Quick Links

read() returns ERANGE in Mac OS X

Lists:	pgsql-hackers

From:	Alvaro Herrera <alvherre(at)alvh(dot)no-ip(dot)org>
To:	Pg Hackers <pgsql-hackers(at)postgresql(dot)org>
Subject:	read() returns ERANGE in Mac OS X
Date:	2012-05-16 13:39:13
Message-ID:	1337175236-sup-4510@alvh.no-ip.org
Views:	Raw Message \| Whole Thread \| Download mbox \| Resend email
Lists:	pgsql-hackers

Hi,

We just came across a situation where a corrupted HFS+ filesystem
appears to return ERANGE on a customer machine. Our first reaction was
to turn zero_damaged_pages on to allow taking a pg_dump backup of the
database, but surprisingly this does not work. A quick glance at the
code shows the reason:

if (nbytes != BLCKSZ)
{
if (nbytes < 0)
ereport(ERROR,
(errcode_for_file_access(),
errmsg("could not read block %u in file \"%s\": %m",
blocknum, FilePathName(v->mdfd_vfd))));

/*
* Short read: we are at or past EOF, or we read a partial block at
* EOF. Normally this is an error; upper levels should never try to
* read a nonexistent block. However, if zero_damaged_pages is ON or
* we are InRecovery, we should instead return zeroes without
* complaining. This allows, for example, the case of trying to
* update a block that was later truncated away.
*/
if (zero_damaged_pages || InRecovery)
MemSet(buffer, 0, BLCKSZ);
else
ereport(ERROR,
(errcode(ERRCODE_DATA_CORRUPTED),
errmsg("could not read block %u in file \"%s\": read only %d of %d bytes",
blocknum, FilePathName(v->mdfd_vfd),
nbytes, BLCKSZ)));

Note that zero_damaged_pages only enters the picture if it's a short
read, not if the read actually fails completely.
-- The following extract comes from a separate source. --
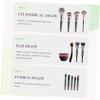 PartyKindom 3pcs Silicone Makeup Brush Cleaner Pad Brush Cleaning Cup Mat Makeup Scrubber view 2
Is this by design, or is this just an oversight?

See
http://lists.gnu.org/archive/html/rdiff-backup-users/2007-12/msg00053.html

I don't have yet any evidence that the filesystem is actually corrupt,
but the error message from the kernel is "Result out of range", which is
not documented to be possible on read() in Mac OS X.

--
Álvaro Herrera <alvherre(at)alvh(dot)no-ip(dot)org>

From:	Tom Lane <tgl(at)sss(dot)pgh(dot)pa(dot)us>
To:	Alvaro Herrera <alvherre(at)alvh(dot)no-ip(dot)org>
Cc:	Pg Hackers <pgsql-hackers(at)postgresql(dot)org>
Subject:	Re: read() returns ERANGE in Mac OS X
Date:	2012-05-16 13:51:26
Message-ID:	24254.1337176286@sss.pgh.pa.us
Views:	Raw Message \| Whole Thread \| Download mbox \| Resend email
Lists:	pgsql-hackers

Alvaro Herrera <alvherre(at)alvh(dot)no-ip(dot)org> writes:
> We just came across a situation where a corrupted HFS+ filesystem
> appears to return ERANGE on a customer machine. Our first reaction was
> to turn zero_damaged_pages on to allow taking a pg_dump backup of the
> database, but surprisingly this does not work. A quick glance at the
> code shows the reason:
> ...
> Note that zero_damaged_pages only enters the picture if it's a short
> read, not if the read actually fails completely.

> Is this by design, or is this just an oversight?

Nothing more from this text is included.